Now comes crunch time for Tencent Music Entertainment Group insiders and early backers who have to decide on Monday whether or not to cash out of the Chinese music
entertainment service when its 180-day lockup expires.
The decision is made more torturous by a 34 percent decline in the stock since a peak in mid-March. For some insiders and pre-IPO investors, this is their first crack at offloading stock since the initial public offering priced at $13 in early December.
After almost reaching $20 a share at the end of the winter, the stock now trades for only pennies above the IPO price.
The stock has gained a mere 1.5 percent since its $1.07 billion equity raise, the 10th largest IPO of 2018. But most
of Wall Street still figures prospects are bright for Shenzhen, China-based Tencent Music.
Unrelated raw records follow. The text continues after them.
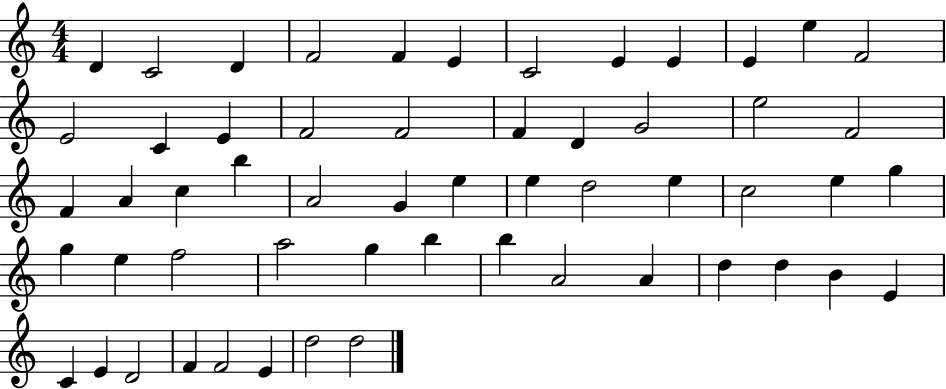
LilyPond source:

{
  \clef treble
  \numericTimeSignature
  \time 4/4
  \key c \major
  d'4 c'2 d'4 | f'2 f'4 e'4 | c'2 e'4 e'4 | e'4 e''4 f'2 | \break e'2 c'4 e'4 | f'2 f'2 | f'4 d'4 g'2 | e''2 f'2 | \break f'4 a'4 c''4 b''4 | a'2 g'4 e''4 | e''4 d''2 e''4 | c''2 e''4 g''4 | \break g''4 e''4 f''2 | a''2 g''4 b''4 | b''4 a'2 a'4 | d''4 d''4 b'4 e'4 | \break c'4 e'4 d'2 | f'4 f'2 e'4 | d''2 d''2 | \bar "|."
}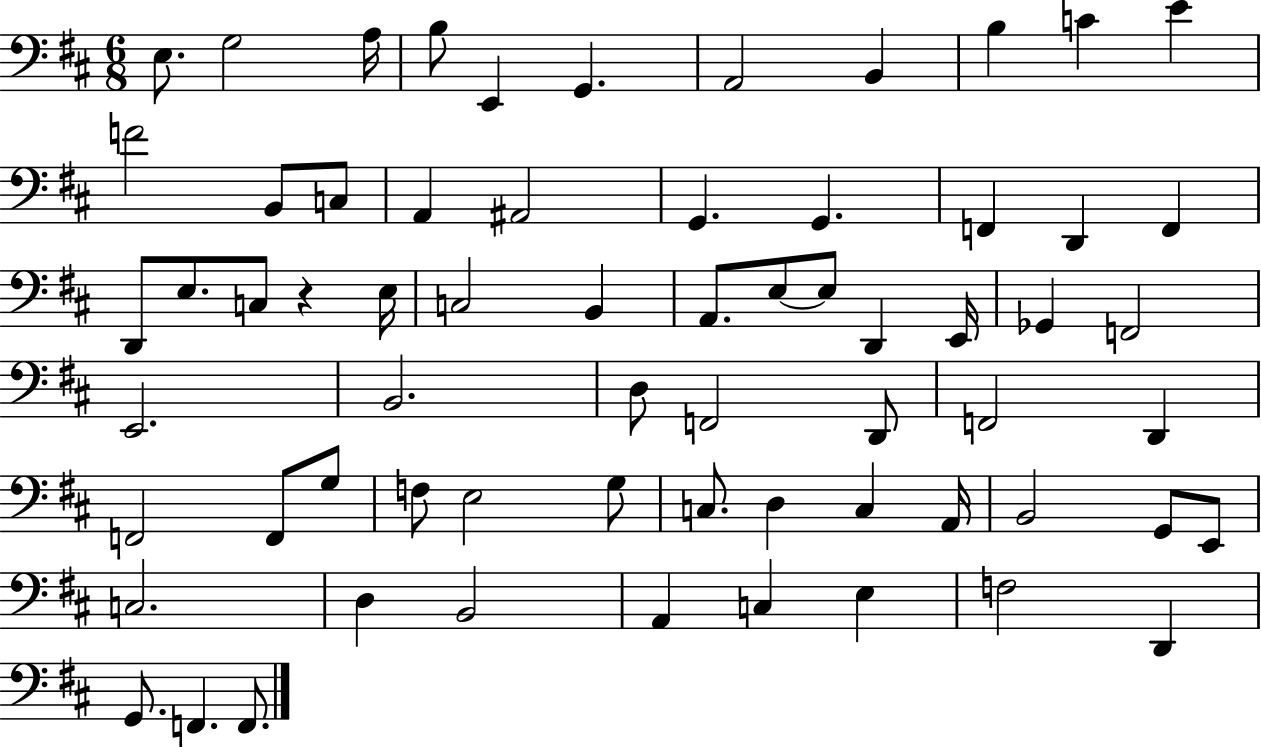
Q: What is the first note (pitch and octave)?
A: E3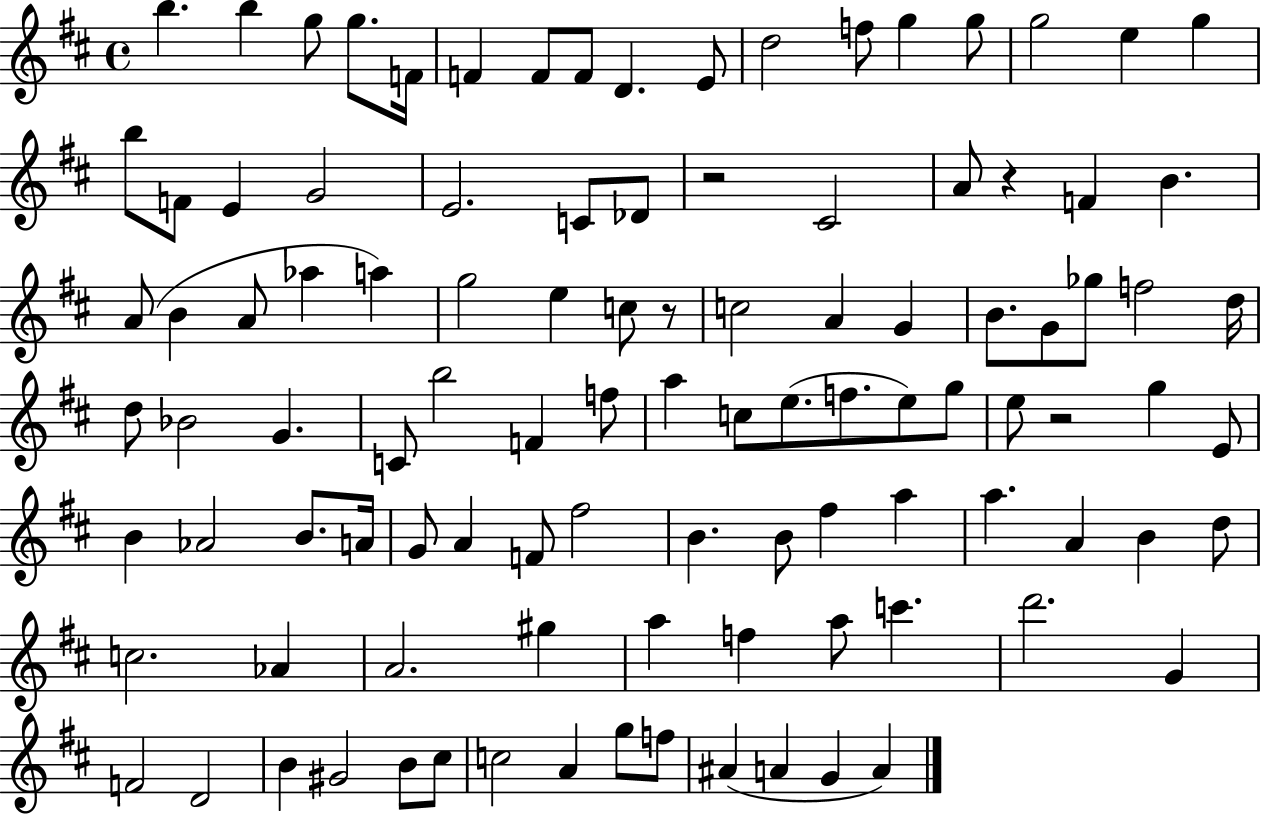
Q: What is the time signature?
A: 4/4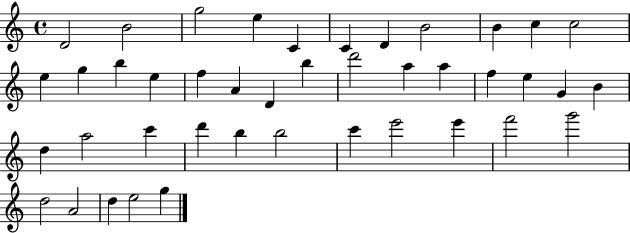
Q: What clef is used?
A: treble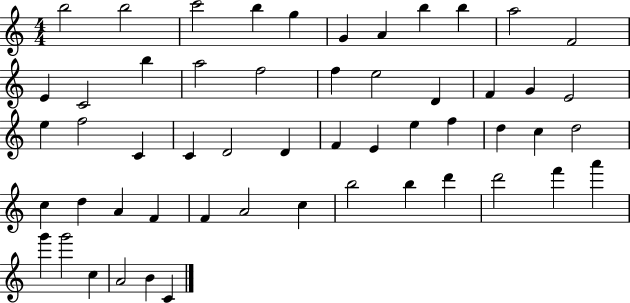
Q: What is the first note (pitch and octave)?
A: B5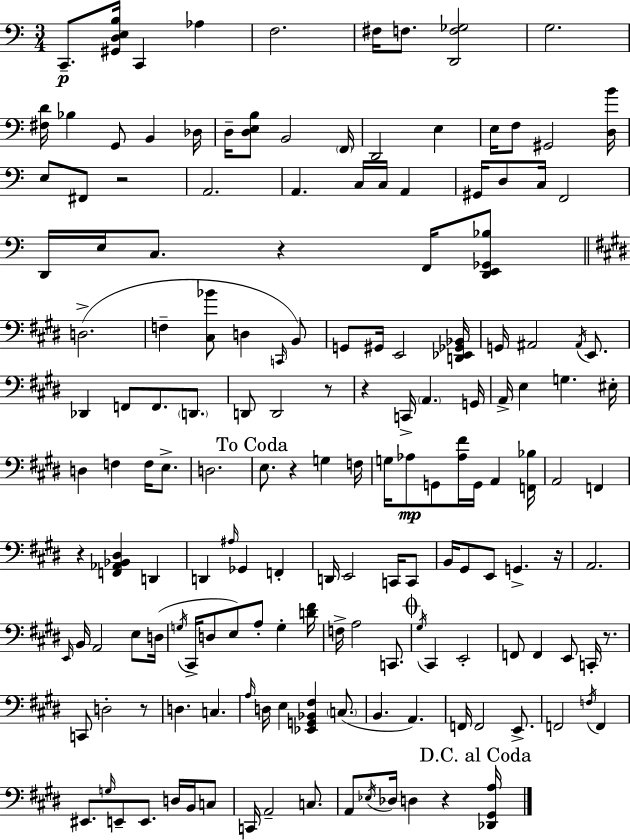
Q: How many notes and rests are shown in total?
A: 163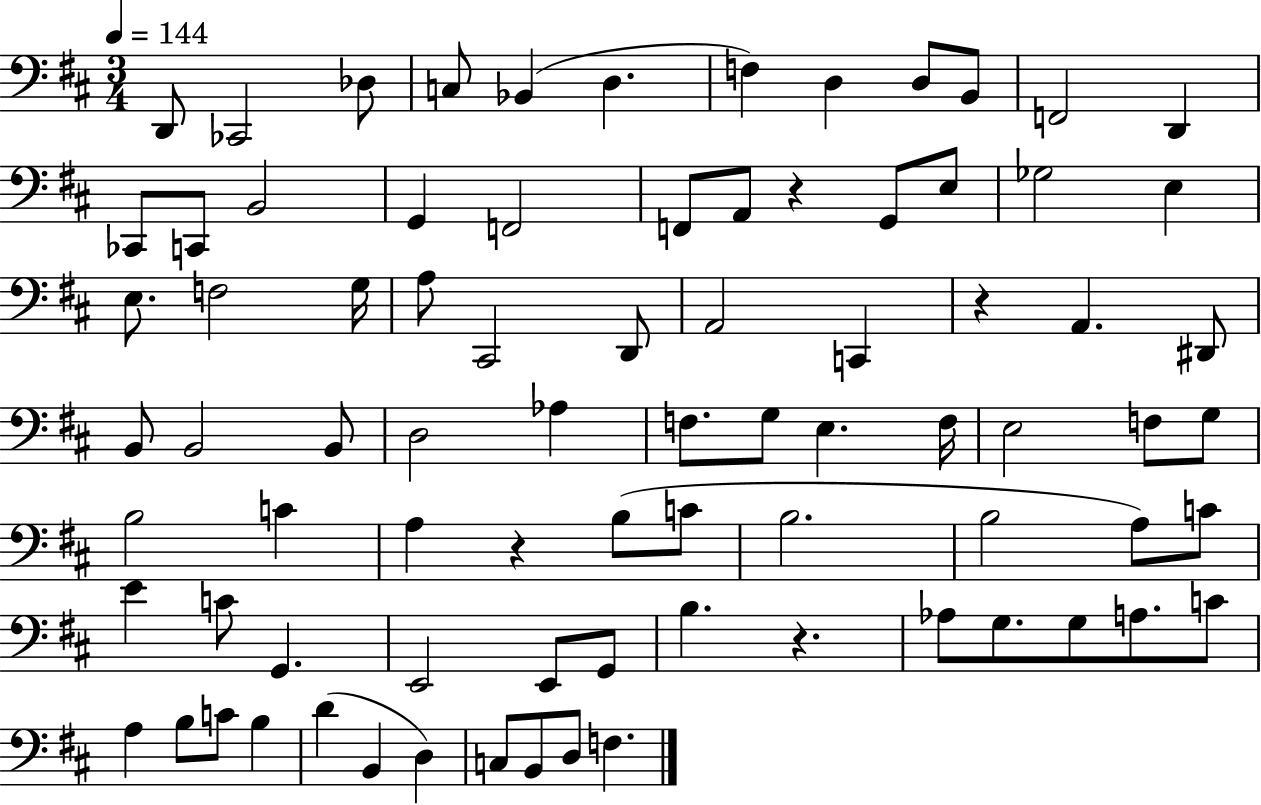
X:1
T:Untitled
M:3/4
L:1/4
K:D
D,,/2 _C,,2 _D,/2 C,/2 _B,, D, F, D, D,/2 B,,/2 F,,2 D,, _C,,/2 C,,/2 B,,2 G,, F,,2 F,,/2 A,,/2 z G,,/2 E,/2 _G,2 E, E,/2 F,2 G,/4 A,/2 ^C,,2 D,,/2 A,,2 C,, z A,, ^D,,/2 B,,/2 B,,2 B,,/2 D,2 _A, F,/2 G,/2 E, F,/4 E,2 F,/2 G,/2 B,2 C A, z B,/2 C/2 B,2 B,2 A,/2 C/2 E C/2 G,, E,,2 E,,/2 G,,/2 B, z _A,/2 G,/2 G,/2 A,/2 C/2 A, B,/2 C/2 B, D B,, D, C,/2 B,,/2 D,/2 F,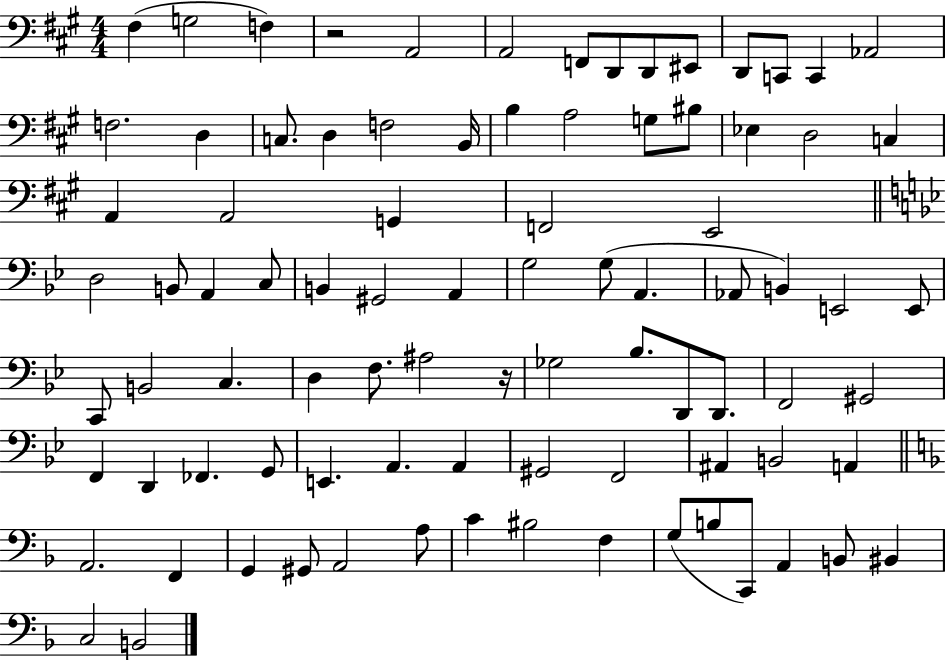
F#3/q G3/h F3/q R/h A2/h A2/h F2/e D2/e D2/e EIS2/e D2/e C2/e C2/q Ab2/h F3/h. D3/q C3/e. D3/q F3/h B2/s B3/q A3/h G3/e BIS3/e Eb3/q D3/h C3/q A2/q A2/h G2/q F2/h E2/h D3/h B2/e A2/q C3/e B2/q G#2/h A2/q G3/h G3/e A2/q. Ab2/e B2/q E2/h E2/e C2/e B2/h C3/q. D3/q F3/e. A#3/h R/s Gb3/h Bb3/e. D2/e D2/e. F2/h G#2/h F2/q D2/q FES2/q. G2/e E2/q. A2/q. A2/q G#2/h F2/h A#2/q B2/h A2/q A2/h. F2/q G2/q G#2/e A2/h A3/e C4/q BIS3/h F3/q G3/e B3/e C2/e A2/q B2/e BIS2/q C3/h B2/h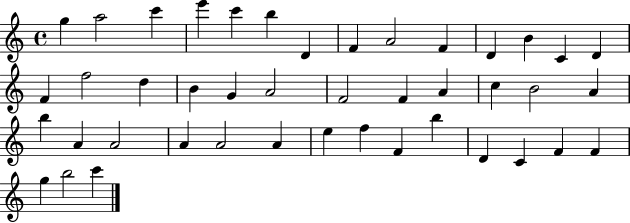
X:1
T:Untitled
M:4/4
L:1/4
K:C
g a2 c' e' c' b D F A2 F D B C D F f2 d B G A2 F2 F A c B2 A b A A2 A A2 A e f F b D C F F g b2 c'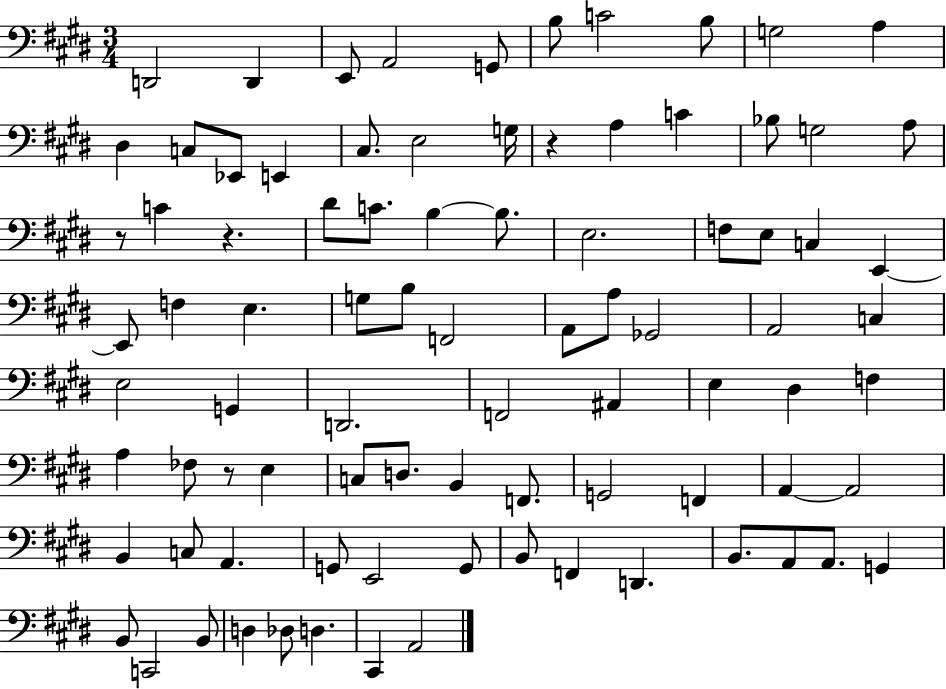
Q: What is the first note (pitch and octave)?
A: D2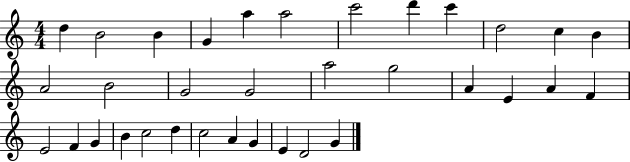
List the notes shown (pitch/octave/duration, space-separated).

D5/q B4/h B4/q G4/q A5/q A5/h C6/h D6/q C6/q D5/h C5/q B4/q A4/h B4/h G4/h G4/h A5/h G5/h A4/q E4/q A4/q F4/q E4/h F4/q G4/q B4/q C5/h D5/q C5/h A4/q G4/q E4/q D4/h G4/q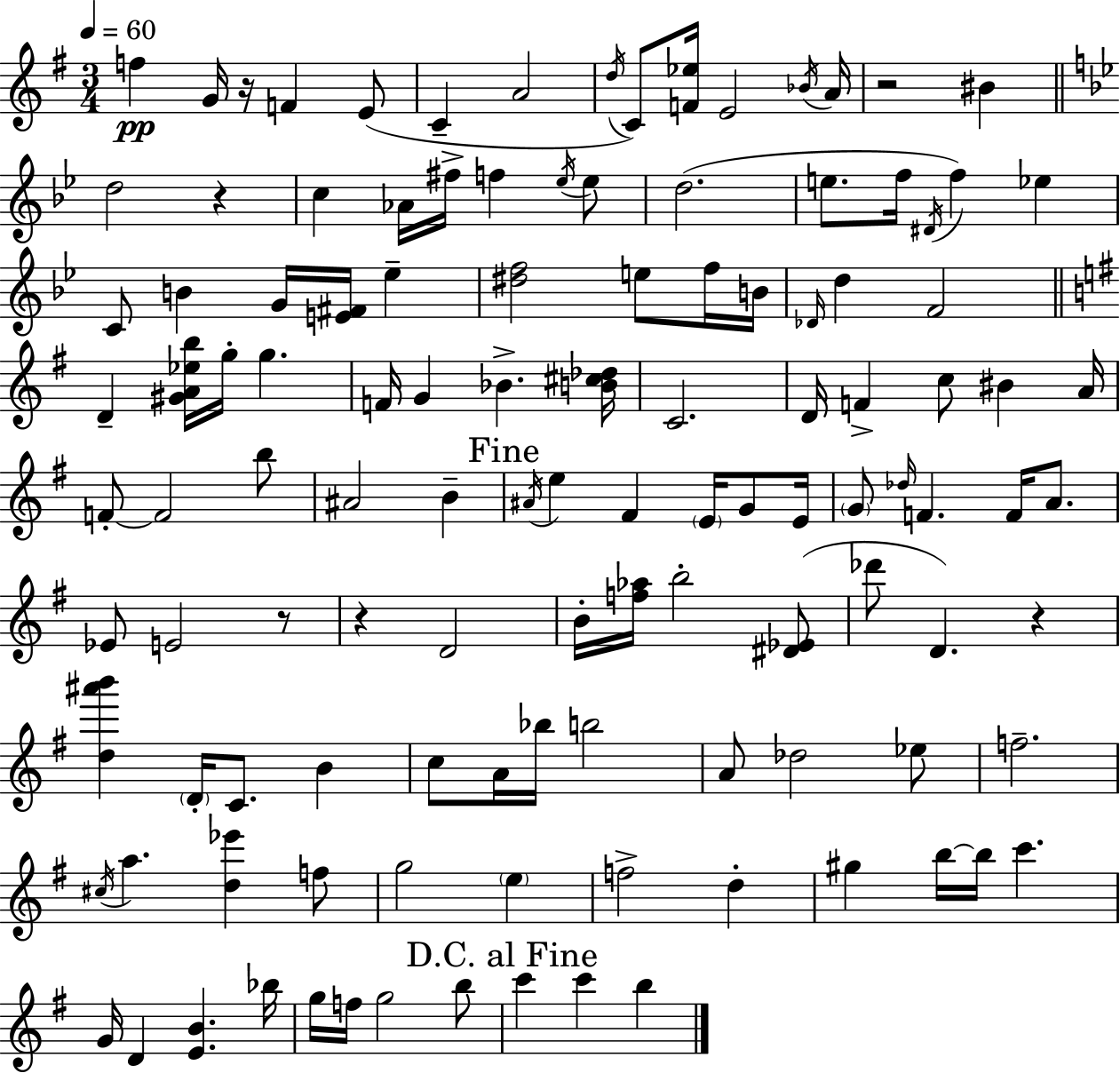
F5/q G4/s R/s F4/q E4/e C4/q A4/h D5/s C4/e [F4,Eb5]/s E4/h Bb4/s A4/s R/h BIS4/q D5/h R/q C5/q Ab4/s F#5/s F5/q Eb5/s Eb5/e D5/h. E5/e. F5/s D#4/s F5/q Eb5/q C4/e B4/q G4/s [E4,F#4]/s Eb5/q [D#5,F5]/h E5/e F5/s B4/s Db4/s D5/q F4/h D4/q [G#4,A4,Eb5,B5]/s G5/s G5/q. F4/s G4/q Bb4/q. [B4,C#5,Db5]/s C4/h. D4/s F4/q C5/e BIS4/q A4/s F4/e F4/h B5/e A#4/h B4/q A#4/s E5/q F#4/q E4/s G4/e E4/s G4/e Db5/s F4/q. F4/s A4/e. Eb4/e E4/h R/e R/q D4/h B4/s [F5,Ab5]/s B5/h [D#4,Eb4]/e Db6/e D4/q. R/q [D5,A#6,B6]/q D4/s C4/e. B4/q C5/e A4/s Bb5/s B5/h A4/e Db5/h Eb5/e F5/h. C#5/s A5/q. [D5,Eb6]/q F5/e G5/h E5/q F5/h D5/q G#5/q B5/s B5/s C6/q. G4/s D4/q [E4,B4]/q. Bb5/s G5/s F5/s G5/h B5/e C6/q C6/q B5/q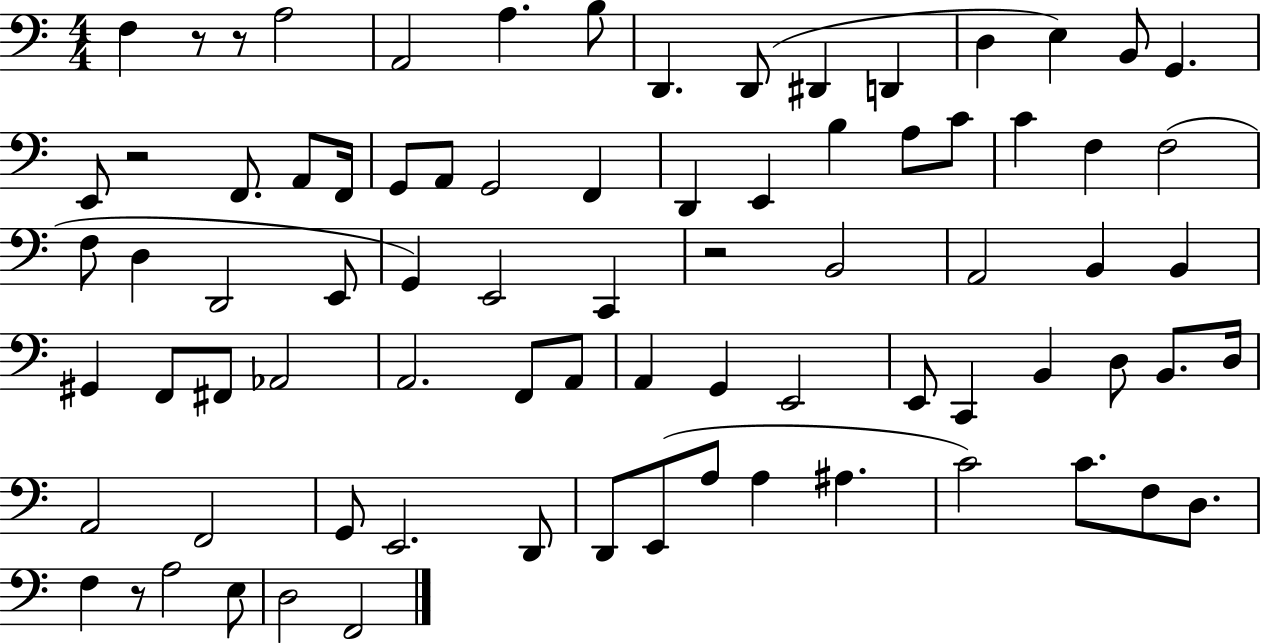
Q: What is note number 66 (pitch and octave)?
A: A#3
In its first financial
report since going public, Tencent topped analysts’ estimates.
According to Bloomberg Intelligence, Tencent Music “is likely to remain the world’s only online music-streaming platform that can generate sustainable profit” despite an uptick in content investments. And while peers such as Spotify Technology SA generate most of their revenue from paid subscriptions, analyst Vey-Sern Ling says Tencent Music “can monetise users more efficiently through the additional provision of social entertainment, including live-streaming and online karaoke.”
Loop Capital became the latest sell-side shop to weigh in, initiating coverage of Tencent Music’s ADRs with a buy rating and $19 price target.